Jantung Salman Alfarisi berdegup kencang selama menunggu jawaban dari pujaan hatinya itu. Tak hanya itu, Abu Darda pun ikut gelisah menunggu jawabannya. Kemudian, setelah beberapa saat, Ibu sang gadis membuka suara untuk mewakili isi hati putrinya.

"Mohon maaf kami perlu berterus terang" kalimat itu membuat Salman dan Abu Darda gelisah dan khawatir menunggu kalimat berikutnya.

"Namun, karena kalian datang dengan niat karena Allah, saya ingin menyampaikan bahwa putri kami akan menjawab iya, jika Abu Darda juga memliki keinginan yang sama seperti Salman Al Farisi."

Takdir Allah berkehendak lain, Abu Darda yang hanya sebagai pendamping yang mendampingi Salman justru diharapkan oleh gadis pujaan Salman. Cinta suci Salman bertepuk sebelah tangan. Rahasia Allah memang tak pernah diketahui sebelumnya.

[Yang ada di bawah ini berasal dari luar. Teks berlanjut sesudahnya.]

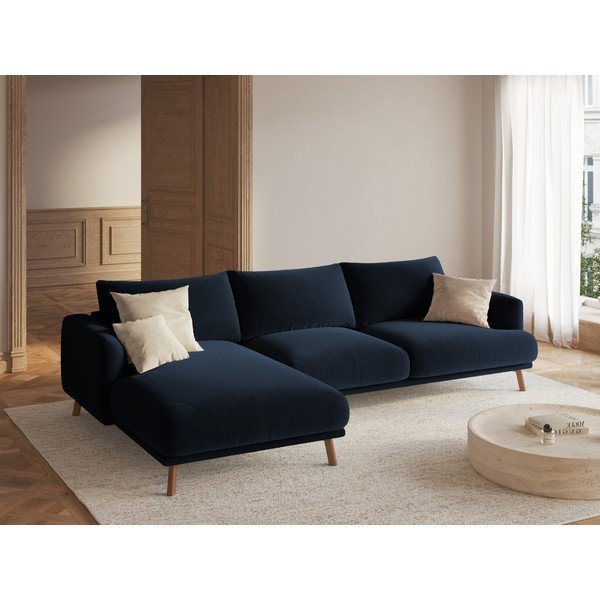 Тъмносин кадифен ъглов диван (ляв ъгъл) Naomi – Micadoni -image-1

Tak seperti kebanyakan laki-laki yang akan bersikap tidak baik karena hatinya hancur berkeping-keping oleh sahabatnya sendiri, Salman justru menunjukkan sikap bijaknya. Ia menjawab jawaban tersebut dengan bertakbir "Allahu akbar". Ia terlihat gembira dalam ketegarannya menerima kenyataan. Tanpa rasa sakit hati dan ikhlas, ia pun memberikan semua harta yang ia siapkan kepada Abu Darda untuk meminang putri tersebut. Ia juga bersedia menjadi saksi pernikahan mereka. Jelas Sulis panjang lebar kepada Pira.
***

"Masya Allah, sungguh cinta Salman Al Farisi bukan cinta karena nafsu. Tetapi cnta karena Allah yang siap menerima ketentuan yang diberikan-Nya sepahit apapun itu."

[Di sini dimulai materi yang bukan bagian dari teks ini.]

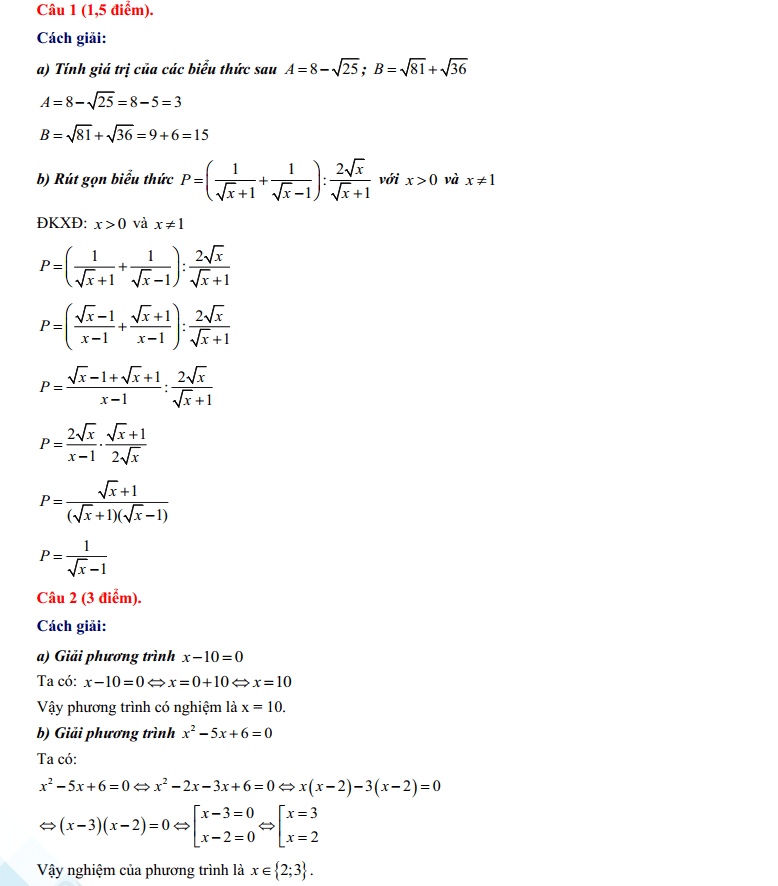 Đáp án đề Toán tuyển sinh lớp 10 Bắc Kạn 2024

"Iya, benar Pira. Kasus yang ada di dalam kisah Salman sangat mirip dengan kisahmu sekarang. Hanya saja, bedanya yang harus bersikap seperti Salman adalah Intan. Intan yang mungkin tak sekuat dan setegar Salman Al Farisi."

"Iya Sulis, semoga Intan dapat meneladani kisah Salman Al Farisi. Bagaimana kalau kamu menceritkan kisah ini kepada Intan terlebih dahulu. Kemudian, aku akan menceritakan takdir yang Allah berikan untuknya agar ia dapat menerima dengan hati yang lapang dan tidak mempengaruhi pertemanan kami."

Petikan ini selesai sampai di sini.